Excerpt from Autism and The Church by Amy Fenton Lee:
Have you ever heard of a church that turned away a little boy because he had red hair? What if a mother was greeted at the children’s ministry check-in with news her redheaded son had to go back home? No, you can’t imagine. If any church ever sent home a child because of their natural hair color it would make the evening news!
Now, have you ever heard of a church that turned away a little boy because he was on the autism spectrum? What if a mother was greeted at church check-in with the news that her son with autism couldn’t be accommodated? Yes, you can imagine. It happens.
Did you know that the percentage of Americans with red hair is roughly equal to the percentage of 8-year-old boys diagnosed with autism? I think it’s fair to say that statistically speaking, a children’s ministry should have the same number of participating boys with autism as with red hair.
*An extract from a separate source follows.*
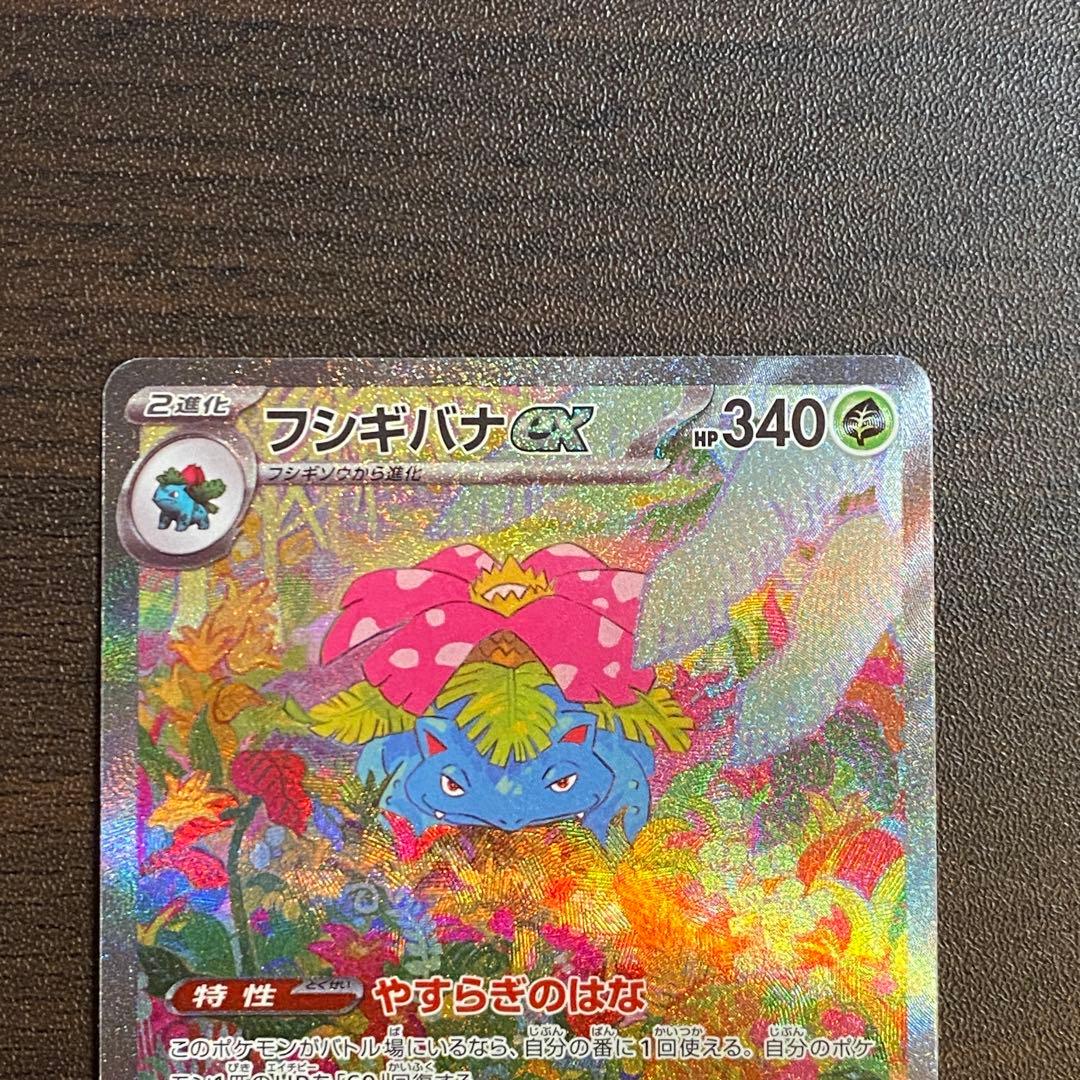 フシギバナ　SAR 200/165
That’s pretty sobering. People would go nuts (justifiably) if families of redheaded kids had to figure out which churches were “redhead friendly”. The reality is that this same scenario is happening now for families of kids with autism. While many churches are working to become special needs-friendly, there is room for improvement.
Recently a church leader said to me, “We just don’t have any kids with significant special needs in our church. We haven’t seen the need to create a ministry or think about doing anything special to accommodate students with disabilities.”
In the church world, we’re at a fork in the road. Up to now, it’s been an accepted norm that not all churches could or should accommodate kids with autism and other special needs. Realistically, churches cannot all accommodate these needs to the same degree. But times are changing. It is no longer acceptable for any church to be unaware of and unprepared to welcome families with special needs. Every church needs a plan for inclusion.
These real-life experiences led Impact to consider what we could do to help and in that searching we found a calling that has given us immeasurably more than we have given it. As of now, Impact Church has certified teachers at every worship service that provide individual and appropriate instruction and care for children with Autism. On Sunday mornings, we have a time of worship and music specifically for children with special needs. Furthermore, we have a 4 week Impact Autism Summer Camp, culminating in the Autism Extravaganza (a big block party, outdoor celebration) that is providing acceptance, love, and resources for hundreds of children in our area. Lastly, we have also founded Impact Journey School, a private school for children with special needs. We currently serve 30 children with 14 staff members including ABA curriculum, speech therapy, occupational therapy, and music therapy. Praise the Lord! We are thankful for the heart of the church that makes these events and ministries possible.
Lastly, as thankful as we are for all that we have been able to do, we are willing and desiring to learn and expand as we see needs increase. Therefore, if you have any ideas as to how we can better serve children with Autism and their families please let us know. We want to be a part of the solution!